When you first go in, it will make you nervous ‘cause the mountains will pop, crack, and moan. It’ll scare you, but after a while, you get to know the sounds; you get to know everything around it. It sounds like it’s coming in, but it ain’t gonna fall. It’s just the weight setting on the mountain. It’ll mess with your mind for a little while. When you pillar, you’re more than likely gonna get almost caught sometimes. You’re pulling a pillar, and it’s falling. It’s designed to break where it is, but you’ll be standing there.
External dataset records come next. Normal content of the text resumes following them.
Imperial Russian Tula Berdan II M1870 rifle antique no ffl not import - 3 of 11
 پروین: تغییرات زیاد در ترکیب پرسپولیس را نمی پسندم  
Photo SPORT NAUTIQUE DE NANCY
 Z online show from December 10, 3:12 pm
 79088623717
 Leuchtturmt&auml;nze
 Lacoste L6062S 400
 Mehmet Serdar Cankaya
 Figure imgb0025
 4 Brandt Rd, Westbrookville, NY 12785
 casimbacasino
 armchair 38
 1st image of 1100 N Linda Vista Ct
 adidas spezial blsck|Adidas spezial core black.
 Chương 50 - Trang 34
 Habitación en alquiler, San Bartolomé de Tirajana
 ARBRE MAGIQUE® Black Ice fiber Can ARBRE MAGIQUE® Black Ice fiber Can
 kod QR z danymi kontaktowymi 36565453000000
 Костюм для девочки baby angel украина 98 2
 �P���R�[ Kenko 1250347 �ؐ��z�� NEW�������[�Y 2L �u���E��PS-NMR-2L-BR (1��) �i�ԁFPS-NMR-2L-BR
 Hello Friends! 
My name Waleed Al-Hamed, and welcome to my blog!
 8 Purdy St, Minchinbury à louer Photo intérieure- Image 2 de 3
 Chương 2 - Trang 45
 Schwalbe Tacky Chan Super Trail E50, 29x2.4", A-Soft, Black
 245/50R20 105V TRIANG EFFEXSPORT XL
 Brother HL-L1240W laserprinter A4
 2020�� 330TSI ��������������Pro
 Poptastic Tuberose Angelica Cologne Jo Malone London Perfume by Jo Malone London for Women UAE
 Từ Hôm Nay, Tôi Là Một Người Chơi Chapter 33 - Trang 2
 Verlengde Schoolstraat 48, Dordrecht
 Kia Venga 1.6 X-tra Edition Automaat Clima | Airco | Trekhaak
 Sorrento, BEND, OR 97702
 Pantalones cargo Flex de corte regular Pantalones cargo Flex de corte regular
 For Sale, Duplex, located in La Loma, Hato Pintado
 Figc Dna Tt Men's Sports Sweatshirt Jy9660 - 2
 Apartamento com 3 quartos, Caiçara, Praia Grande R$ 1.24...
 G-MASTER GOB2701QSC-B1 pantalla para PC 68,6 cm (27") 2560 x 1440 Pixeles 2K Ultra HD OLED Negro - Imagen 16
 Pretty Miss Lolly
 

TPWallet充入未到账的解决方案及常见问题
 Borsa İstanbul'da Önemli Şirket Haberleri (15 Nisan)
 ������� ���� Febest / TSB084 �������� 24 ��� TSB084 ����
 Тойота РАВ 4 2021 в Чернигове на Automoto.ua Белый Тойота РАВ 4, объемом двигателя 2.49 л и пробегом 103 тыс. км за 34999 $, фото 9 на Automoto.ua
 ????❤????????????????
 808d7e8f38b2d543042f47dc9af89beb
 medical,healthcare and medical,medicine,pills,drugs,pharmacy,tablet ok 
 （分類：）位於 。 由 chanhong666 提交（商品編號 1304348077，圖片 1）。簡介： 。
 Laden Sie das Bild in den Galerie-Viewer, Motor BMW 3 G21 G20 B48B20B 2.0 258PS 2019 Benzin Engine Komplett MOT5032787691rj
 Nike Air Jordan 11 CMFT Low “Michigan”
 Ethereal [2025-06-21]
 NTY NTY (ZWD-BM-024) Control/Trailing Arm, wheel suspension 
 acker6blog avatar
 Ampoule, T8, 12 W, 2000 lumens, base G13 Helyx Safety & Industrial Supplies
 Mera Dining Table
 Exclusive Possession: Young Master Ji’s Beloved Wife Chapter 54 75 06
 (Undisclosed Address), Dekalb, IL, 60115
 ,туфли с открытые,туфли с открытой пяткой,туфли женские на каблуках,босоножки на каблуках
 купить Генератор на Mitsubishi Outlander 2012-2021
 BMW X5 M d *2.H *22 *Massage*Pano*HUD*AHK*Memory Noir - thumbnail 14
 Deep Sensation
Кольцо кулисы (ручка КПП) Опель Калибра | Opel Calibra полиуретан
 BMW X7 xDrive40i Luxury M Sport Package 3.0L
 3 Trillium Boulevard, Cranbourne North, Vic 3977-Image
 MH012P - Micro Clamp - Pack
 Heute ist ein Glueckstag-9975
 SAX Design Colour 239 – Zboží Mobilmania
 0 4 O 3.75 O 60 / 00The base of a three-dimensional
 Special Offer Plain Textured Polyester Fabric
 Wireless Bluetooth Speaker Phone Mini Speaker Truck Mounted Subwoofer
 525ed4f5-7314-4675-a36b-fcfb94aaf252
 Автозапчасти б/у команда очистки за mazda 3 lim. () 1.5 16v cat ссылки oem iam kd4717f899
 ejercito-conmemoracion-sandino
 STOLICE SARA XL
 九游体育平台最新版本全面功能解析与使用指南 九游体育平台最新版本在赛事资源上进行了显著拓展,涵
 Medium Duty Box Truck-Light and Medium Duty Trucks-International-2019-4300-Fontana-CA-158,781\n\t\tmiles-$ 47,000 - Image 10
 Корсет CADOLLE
You know where it’s gonna break but still, it’ll put the fear of God in you. 

I’m on third shift. We do all the maintenance that the coal run people can’t. We’ll change the motors; if they can make it run they’ll make it run. Then we come in and fix it right. That’s what we do. We service the equipment. 

When I was young, I wanted to get away from it [Appalachia]. I wanted to go away. And now that everything’s hit the fan, like with the coal mines and everything, I look at it and I just think, you know, if somebody don’t stand there and do something then it’s gonna die. And it breaks my heart now because I just don’t want to go anywhere else. It’s home. 

September’s [supposed to be a lay off]. We had a contract with US Steel that they pulled from us, and it ‘bout killed us, but then they come back and wanted the coal. We were very fortunate. 

Hillbilly? Some people take it as offensive but me, that’s what I am. It’s not really a bad word. We’re self-reliant people. We can do a whole lot of stuff people in the city can’t do. A lot of us can farm; a lot of us are auto mechanics. Anything we want to be we do it. We’ve got what most people ain’t got. We gotta do it ourselves if you want something done. MacGyver [had to be a coal miner.] A coal miner can fix anything with a cap wedge and black tape. You’ve got to make do with what you’ve got; to work with you’ve got to do with. 

I guess these days things are a lot fast paced. People don’t care about people. Mountain people actually care about the other. That’s what me and my wife say. Even if there’s a coal accident in West Virginia and kills somebody, you feel it because you know what they’re going through. I’m pretty sure the city [people] don’t do that. If somebody gets killed, oh well, somebody gets killed. [Here] It’s like a brotherhood, we’re mountain people. We care about people. 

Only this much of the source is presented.